## Work instructions
What lines of the data below hold the string "White"? Copy each one.

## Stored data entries
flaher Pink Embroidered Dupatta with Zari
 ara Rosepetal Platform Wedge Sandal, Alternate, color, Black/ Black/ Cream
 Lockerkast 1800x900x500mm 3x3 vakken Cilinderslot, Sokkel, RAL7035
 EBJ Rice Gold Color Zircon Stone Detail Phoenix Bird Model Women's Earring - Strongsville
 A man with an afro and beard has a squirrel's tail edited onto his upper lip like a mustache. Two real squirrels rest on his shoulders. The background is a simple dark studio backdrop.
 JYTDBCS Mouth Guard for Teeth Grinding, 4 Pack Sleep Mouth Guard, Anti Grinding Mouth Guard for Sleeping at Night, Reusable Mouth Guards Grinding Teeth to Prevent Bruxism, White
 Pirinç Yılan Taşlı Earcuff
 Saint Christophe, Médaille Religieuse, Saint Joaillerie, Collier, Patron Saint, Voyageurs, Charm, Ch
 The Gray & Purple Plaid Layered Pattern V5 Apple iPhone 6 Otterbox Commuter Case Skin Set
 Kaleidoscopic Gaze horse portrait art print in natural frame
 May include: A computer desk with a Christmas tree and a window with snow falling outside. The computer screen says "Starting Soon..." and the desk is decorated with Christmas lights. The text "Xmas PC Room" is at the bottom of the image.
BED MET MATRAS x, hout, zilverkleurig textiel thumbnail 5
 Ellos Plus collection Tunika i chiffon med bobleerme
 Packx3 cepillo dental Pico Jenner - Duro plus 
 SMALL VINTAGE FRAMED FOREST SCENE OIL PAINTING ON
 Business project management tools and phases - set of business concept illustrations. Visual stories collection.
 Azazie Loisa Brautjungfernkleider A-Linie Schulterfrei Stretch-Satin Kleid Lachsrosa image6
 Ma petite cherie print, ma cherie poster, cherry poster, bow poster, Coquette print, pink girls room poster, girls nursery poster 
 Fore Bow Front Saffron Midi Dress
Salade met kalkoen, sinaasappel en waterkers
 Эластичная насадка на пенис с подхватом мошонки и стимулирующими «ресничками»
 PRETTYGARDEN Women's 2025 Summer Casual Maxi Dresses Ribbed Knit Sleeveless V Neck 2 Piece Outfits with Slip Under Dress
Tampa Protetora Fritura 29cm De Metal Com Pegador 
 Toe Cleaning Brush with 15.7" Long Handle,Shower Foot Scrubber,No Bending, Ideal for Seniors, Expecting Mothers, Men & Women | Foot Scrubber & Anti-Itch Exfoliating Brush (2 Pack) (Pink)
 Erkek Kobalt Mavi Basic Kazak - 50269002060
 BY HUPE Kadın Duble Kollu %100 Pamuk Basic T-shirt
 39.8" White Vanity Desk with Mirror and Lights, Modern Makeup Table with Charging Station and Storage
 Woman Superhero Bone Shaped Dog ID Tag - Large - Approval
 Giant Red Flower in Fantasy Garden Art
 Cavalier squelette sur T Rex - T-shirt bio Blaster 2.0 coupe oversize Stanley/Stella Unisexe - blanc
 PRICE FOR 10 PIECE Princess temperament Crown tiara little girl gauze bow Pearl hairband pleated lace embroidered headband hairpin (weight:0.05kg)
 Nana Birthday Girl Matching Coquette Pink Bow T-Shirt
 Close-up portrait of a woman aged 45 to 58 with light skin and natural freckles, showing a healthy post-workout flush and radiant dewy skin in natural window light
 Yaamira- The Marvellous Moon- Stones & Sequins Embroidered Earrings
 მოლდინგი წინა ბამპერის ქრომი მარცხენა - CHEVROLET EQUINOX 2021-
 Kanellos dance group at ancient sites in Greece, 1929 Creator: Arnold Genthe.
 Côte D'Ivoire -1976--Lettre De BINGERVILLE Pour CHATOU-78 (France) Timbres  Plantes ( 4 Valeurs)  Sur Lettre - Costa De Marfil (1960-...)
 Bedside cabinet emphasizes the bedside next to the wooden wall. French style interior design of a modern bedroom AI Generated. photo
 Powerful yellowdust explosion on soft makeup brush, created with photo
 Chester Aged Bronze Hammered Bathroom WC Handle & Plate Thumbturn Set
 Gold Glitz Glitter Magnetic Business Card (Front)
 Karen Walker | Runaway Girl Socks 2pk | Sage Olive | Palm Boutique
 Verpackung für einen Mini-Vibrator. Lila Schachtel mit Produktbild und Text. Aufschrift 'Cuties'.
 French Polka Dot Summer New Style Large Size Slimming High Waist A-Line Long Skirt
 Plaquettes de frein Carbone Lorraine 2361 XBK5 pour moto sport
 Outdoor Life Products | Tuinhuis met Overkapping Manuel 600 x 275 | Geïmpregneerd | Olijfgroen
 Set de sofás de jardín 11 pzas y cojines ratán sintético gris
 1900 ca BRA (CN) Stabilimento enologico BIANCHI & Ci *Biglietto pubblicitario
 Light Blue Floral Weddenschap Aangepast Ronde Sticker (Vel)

## Response to the exercise
 JYTDBCS Mouth Guard for Teeth Grinding, 4 Pack Sleep Mouth Guard, Anti Grinding Mouth Guard for Sleeping at Night, Reusable Mouth Guards Grinding Teeth to Prevent Bruxism, White
 39.8" White Vanity Desk with Mirror and Lights, Modern Makeup Table with Charging Station and Storage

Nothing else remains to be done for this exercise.